La cauzione provvisoria, dunque, è un istituto specifico del diritto pubblico, che denota certamente analogie con alcuni istituti privatistici ma che obbedisce a logiche sue proprie e che va ricostruito ed applicato in base alle norme pubblicistiche che lo disciplinano.

8.1.4. E, in questo senso, per giurisprudenza assolutamente granitica la decisione circa l’escussione della cauzione nei casi previsti dalla legge non richiede il previo accertamento della “colpa” in capo al concorrente che è incorso nell’esclusione (in tal senso, ex plurimis, Cons. Stato, n. 2531/2016 e TAR Lazio, n. 1740/2021, già citata), mentre tale accertamento è previsto solo nei riguardi dell’aggiudicatario che non stipula il contratto (art. 93, comma 6: “La garanzia copre la mancata sottoscrizione del contratto dopo l’aggiudicazione dovuta ad ogni fatto riconducibile all’affidatario…”. Per la verità anche il comma 6 prevede una fattispecie di “responsabilità oggettiva”, nel caso di mancata stipula dovuta “…all’adozione di informazione antimafia interdittiva emessa ai sensi degli articoli 84 e 91 del decreto legislativo 6 settembre 2011, n. 159”).

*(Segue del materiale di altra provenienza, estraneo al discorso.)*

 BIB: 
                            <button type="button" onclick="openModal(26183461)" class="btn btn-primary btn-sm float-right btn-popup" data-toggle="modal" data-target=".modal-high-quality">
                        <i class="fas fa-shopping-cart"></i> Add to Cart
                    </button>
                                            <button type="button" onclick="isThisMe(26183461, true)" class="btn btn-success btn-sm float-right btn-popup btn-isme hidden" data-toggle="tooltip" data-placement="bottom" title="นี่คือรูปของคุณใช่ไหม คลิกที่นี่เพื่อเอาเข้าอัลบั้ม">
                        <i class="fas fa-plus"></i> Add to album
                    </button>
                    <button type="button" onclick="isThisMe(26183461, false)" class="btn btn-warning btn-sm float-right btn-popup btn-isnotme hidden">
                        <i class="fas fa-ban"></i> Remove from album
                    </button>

Ma in questo non è ravvisabile alcuna disparità di trattamento, visto che:

– le ragioni che possono portare alla mancata stipula del contratto sono molteplici e non tutte afferenti alla sfera di disponibilità dell’aggiudicatario (si pensi al caso, statisticamente più frequente, del ritardo nella predisposizione del contratto dovuto in parte a lungaggini burocratiche e in parte a inerzia dell’aggiudicatario). Ne consegue che, ai fini dell’escussione della cauzione, è necessario accertare l’imputabilità della mancata stipula;

– i casi di esclusione dalla gara che sono sanzionati anche con l’escussione della cauzione attengono invece a fatti e circostanze che sono nella piena disponibilità del concorrente (si tratta, infatti, di dichiarazioni omesse, false o ingannevoli relative al possesso dei requisiti di moralità, tecnici e finanziari previsti dal bando quali requisiti di ammissione), di talché la conferma (per inoppugnabilità dell’atto di esclusione o per decisione del giudice), dell’esclusione implica ex se l’imputabilità della condotta che ha determinato il provvedimento espulsivo.

Nella specie, dunque, l’escussione della cauzione non richiedeva alcun accertamento circa la imputabilità dell’esclusione alla società ricorrente.